Excellent post, Rob!
> So decision making, no matter how complex, has to
> collapse its outputs into one of the n predictable
> actions. How to express subtlety and wide range of
> behavior with such a limited palette?
You've hit the nail on the head. Animations and sounds are an enormous behavioral bottleneck for us.
> Solutions to the problem - procedural animation,
> text-to-speech synthesis, and so on - only work
> in limited contexts. They can’t replicate the
> depth of detail and emotion that a good animator
> or voice artist can bring out. And replicating
> those details procedurally seems like an
> AI-complete problem all by itself.
I mostly agree with this, but I've seen some indications that it's (kinda, sorta) becoming possible to bite off some aspects of the problem procedurally ... in some ways, sometimes, if you're lucky.
Between NaturalMotion's "endorphin" product and the work being done on Spore, I've seen a lot of kinds of procedural work done on the animation side that convince me that at least for *some* kinds of animations -- locomotion and physical reactions in particular -- it's possible to create procedural animations that sometimes match the quality of professional animators.
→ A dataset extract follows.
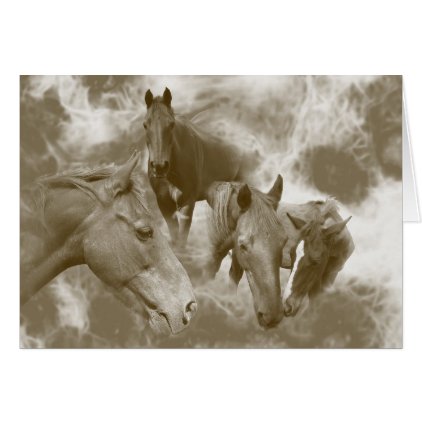 Horses in the mist horizontal card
If you want to see human characters getting knocked about by various physical forces and reacting in basic ways, endorphin can do a really good job of animating that sort of thing.
That's counterbalanced by the recognition that there are a lot of kinds of animations (particularly emotive animations, such as taunts) that can never be done procedurally -- even theoretically -- because they're all about broadcasting the designer's intentions.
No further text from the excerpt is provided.